Entre as reações comportamentais possíveis e previsíveis relacionadas ao uso do celular pelo condutor do veículo no trânsito, podemos destacar a descarga emocional que acompanha o conteúdo do assunto explorado no momento da conversa como, por exemplo, o choro, a agressividade, o aumento da irritação e da tensão interna, a euforia e o entusiasmo. Algumas dessas descargas podem vir somadas ao fator espontâneo e alheio à vontade do condutor, desde que sejam advindas do Sistema Nervoso Autônomo, levando-o a atitudes impulsivas.
A sensação de impotência, frente ao desconhecimento da notícia recebida através do aparelho celular, pode evocar no condutor um quadro de extrema angústia perante a impossibilidade de tomada de decisão momentânea.

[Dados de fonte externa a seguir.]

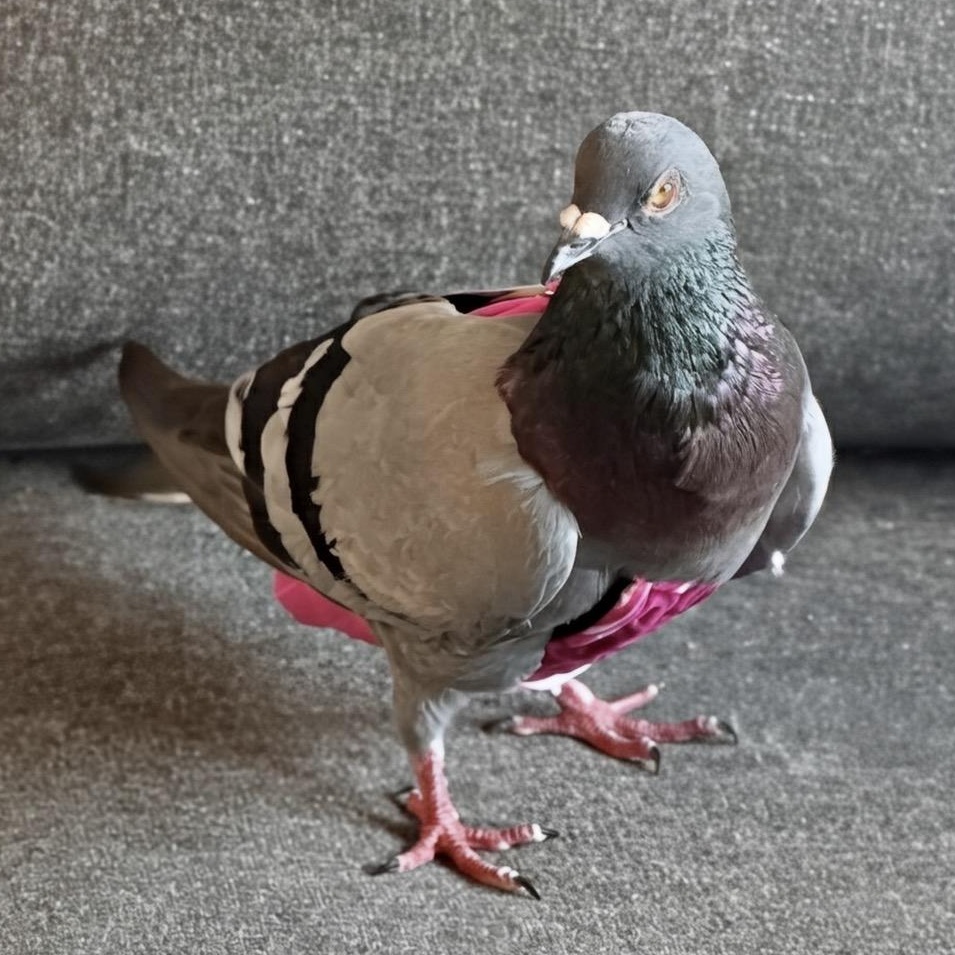 Kazuki, an adopted mixed breed in Chicago, IL image 4/4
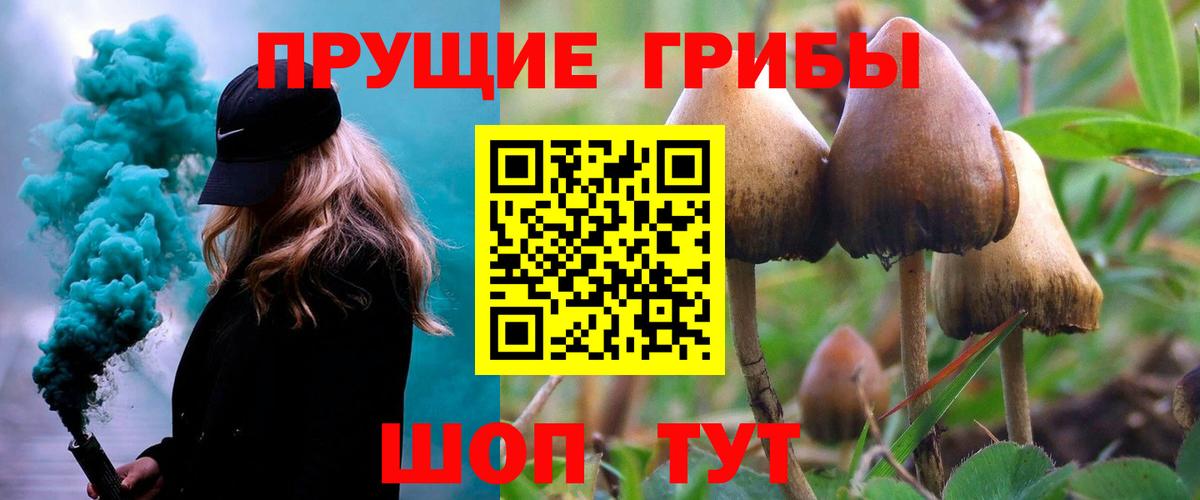 Псилоцибиновые грибы Magic Shrooms  Вход с VPN  магазин    Курчалой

Aliados às reações supra citadas têm-se o nível de stress do dia-a-dia no tráfego, na vida pessoal e no trabalho do condutor que podem intensificar o risco de acidente no trânsito.

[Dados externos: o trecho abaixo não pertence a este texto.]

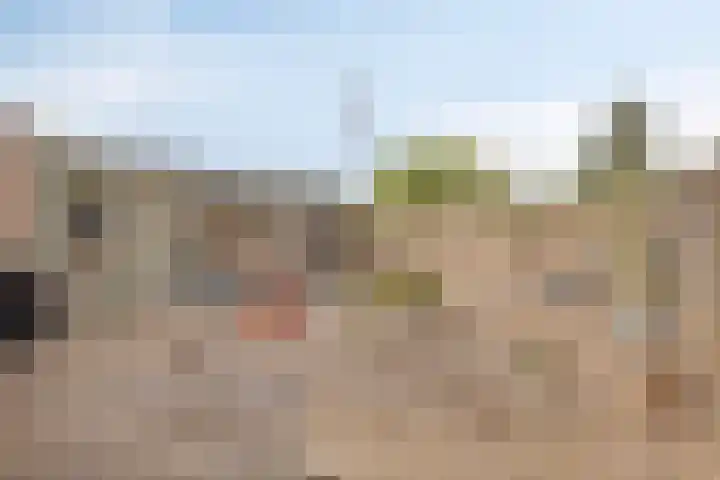 Bladvlinder 5 Oss thumbnail 27
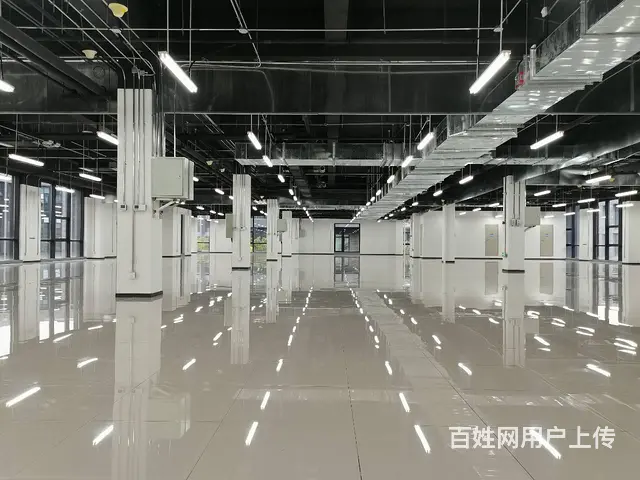 四层5700平独栋办公楼  沈阳国际软件园甲方招商 送免租期 - 图片 9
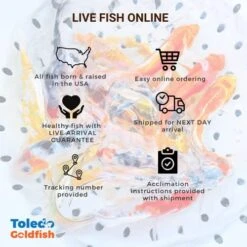 Toledo Goldfish Standard Fin Koi, Variety Of Colors And Patterns - Perfect For Ponds Or Aquariums - 3-4 Inches, 50 Count 22 Toledo Goldfish Standard Fin Koi, Variety Of Colors And Patterns - Perfect For Ponds Or Aquariums - 3-4 Inches, 50 Count -Zoo Shop 51Cd9ARqdmL 1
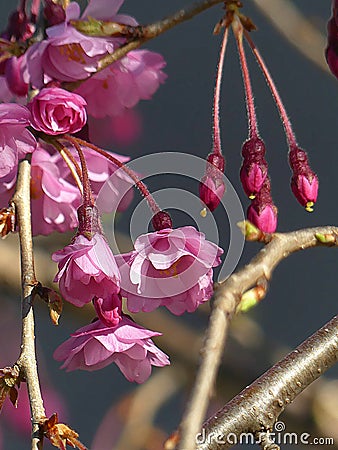 Deep Pink Colored Weeping Cherry Tree Buds and Blossoms in Spring Stock Photo
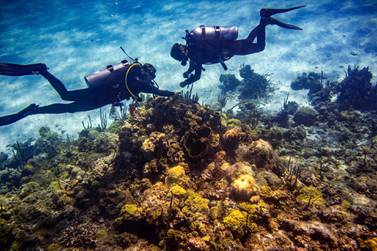 Rising ocean temperatures have had a major impact on coral. Chicago Tribune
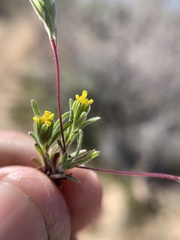 Rigiopappus leptocladus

Apesar da existência de poucos estudos sobre o uso do aparelho celular, os que já foram realizados alertam para o risco por ele causado, ressaltando não somente o abandono de uma das mãos, que influi na limitação motora do condutor, mas também pela perda de atenção no trânsito.

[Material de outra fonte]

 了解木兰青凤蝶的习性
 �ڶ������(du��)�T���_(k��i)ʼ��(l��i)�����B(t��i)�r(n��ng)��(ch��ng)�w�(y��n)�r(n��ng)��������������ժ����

Alguns países têm restringido o uso do aparelho celular no trânsito visando a direção com segurança, cuidadosa e hábil, não tendo nenhuma ferramenta que desvie a atenção do condutor e permita a execução de manobras que não ocasionem colisões. Por exemplo, Austrália, Espanha, Portugal, Itália, Chile, Suíça, Israel, Grã-Bretanha, Dinamarca, Polônia, Hong Kong e o Brasil, têm elaborado normas ou leis proibindo o uso de celulares no trânsito.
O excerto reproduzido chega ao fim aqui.